Benchmark smoke run:

dagzoo benchmark \
  --config configs/preset_stress_hybrid_benchmark_smoke.yaml \
  --preset custom \
  --suite smoke \
  --diagnostics \
  --no-memory \
  --out-dir benchmarks/results/smoke_stress_hybrid

Inspect first:

  • coverage_summary.json
  • parity_surface_summary.matrix_kind_counts
  • parity_surface_summary.root_base_kind_counts
  • parity_surface_summary.source_shape_policy_counts

anti_memorization_piecewise_classification_robustness_composition_slice_v1

  • Intended regime: explicit robustness composition that couples missingness, shift, and mixed noise with the anti-memorization harder slice instead of leaving those levers as separate recipes.
  • Main lever composition:
    • structured MNAR missingness
    • mixed graph/variance drift
    • explicit Gaussian/Laplace/Student-t residual mixture

Generate smoke run:

dagzoo generate \
  --config configs/preset_stress_robustness_composition_generate_smoke.yaml \
  --num-datasets 25 \
  --out data/run_stress_robustness_composition_smoke

Benchmark smoke run:

dagzoo benchmark \
  --config configs/preset_stress_robustness_composition_benchmark_smoke.yaml \
  --preset custom \
  --suite smoke \
  --diagnostics \
  --no-memory \
  --out-dir benchmarks/results/smoke_stress_robustness_composition

Inspect first:

  • coverage_summary.json
  • missingness
  • shift
  • noise_distribution
  • parity_surface_summary.gp_variant_counts

Baseline comparison workflow

To compare a stress profile against the baseline, use dagzoo diversity-audit with configs/default.yaml as the baseline and one stress benchmark preset as the variant:

dagzoo diversity-audit \
  --baseline-config configs/default.yaml \
  --variant-config configs/preset_stress_graph_breadth_benchmark_smoke.yaml \
  --suite smoke \
  --num-datasets 10 \
  --warmup 0 \
  --device cpu \
  --out-dir benchmarks/results/diversity_audit_stress_graph_breadth

Swap --variant-config to any of the other stress benchmark presets for the other profiles. Inspect summary.json and summary.md first, then inspect coverage artifacts from a diagnostics-enabled benchmark run when you need the relationship-structure or mechanism-family metrics behind the shift.

To turn one diversity-audit run into a parity-focused maintainer report:

./.venv/bin/python scripts/render_tabiclv2_parity_report.py \
  --summary-json benchmarks/results/diversity_audit_stress_graph_breadth/summary.json \
  --out-dir benchmarks/results/diversity_audit_stress_graph_breadth/parity_report

To run the full internal RD-005 promotion suite across the incumbent, structural control, and current challenger lanes:

./.venv/bin/python scripts/evaluate_rd005_follow_on_suite.py \
  --baseline-config configs/default.yaml \
  --out-root benchmarks/results/rd005_follow_on \
  --suite smoke \
  --num-datasets 8 \
  --seed 123 \
  --device cpu

Read follow_on_promotion_summary.json / follow_on_promotion_summary.md first when you want the explicit promotion status for each internal lane.

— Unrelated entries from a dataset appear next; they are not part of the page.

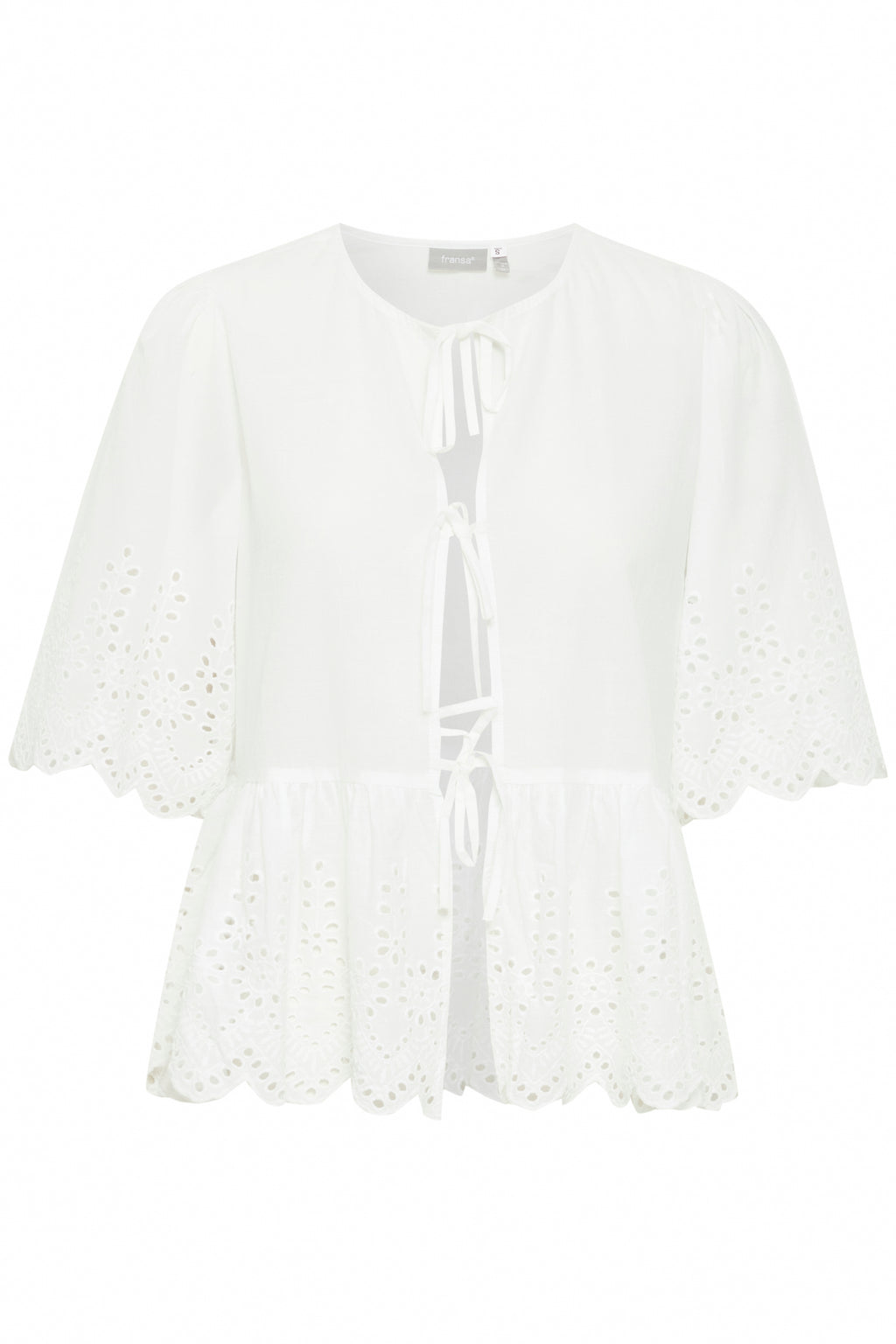 Fransa Figi Shirt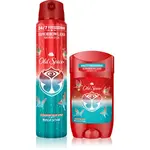 Old Spice Tomorrowland sada na tělo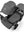Bugaboo Donkey 6 Duo Moon Grey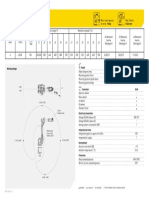 Datasheet M 10ia 10M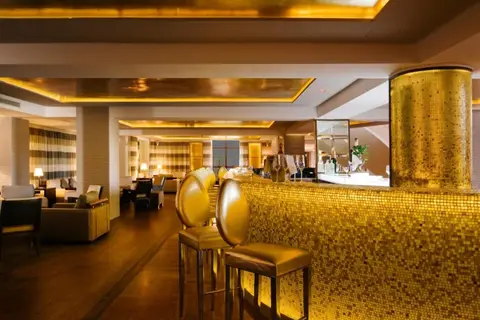Hotel Du Golf Rotana in Marrakesh, foto 30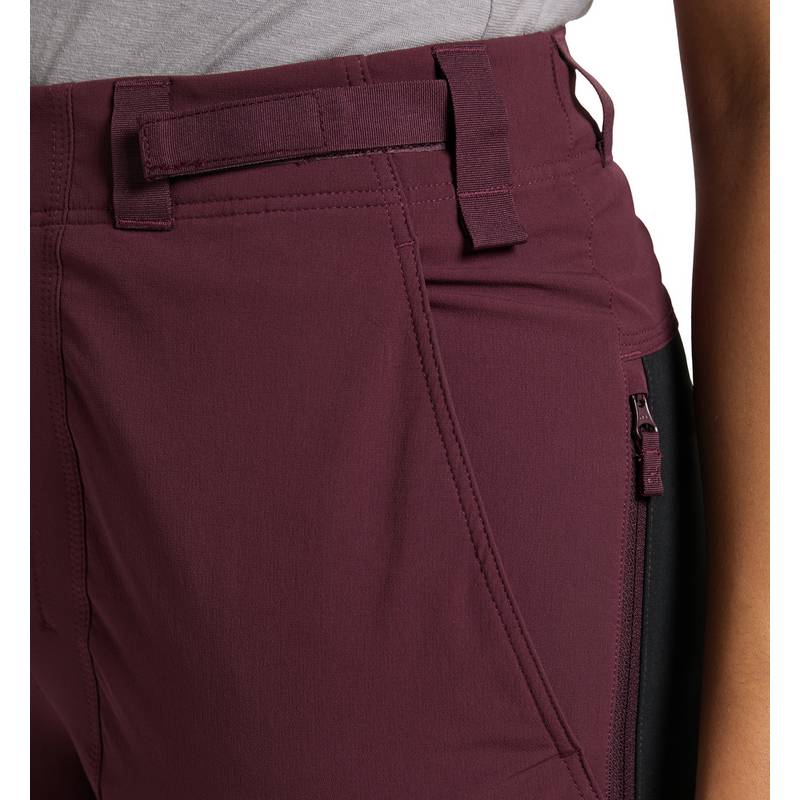 Haglöfs Rugged Relaxed Pant Trekkinghose Damen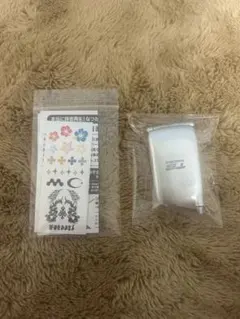 本当に録音再生！なつかしのガラケーマスコット ガチャ シルバー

Diagnostics and guardrails

  • Generate smoke presets enable diagnostics so they write coverage_summary.json and coverage_summary.md.
  • Benchmark smoke presets keep diagnostics off by default. Pass --diagnostics when you want coverage artifacts in addition to the benchmark summary.
  • dagzoo diversity-audit summary.json now carries parity_surface_summary alongside the mechanism-family summary so the remaining TabICLv2 parity gaps can be measured directly instead of inferred indirectly.
  • The full RD-005 suite runner keeps the public/internal boundary explicit: internal lanes can receive promote, hold_internal, or structural_control_only, but public recipe promotion remains a separate follow-up step after a winner clears the gate.
  • Benchmark summaries stay on the current contract. Steering and stress-profile evidence lives in diagnostics artifacts and in dagzoo diversity-audit, not in a new benchmark-only field family.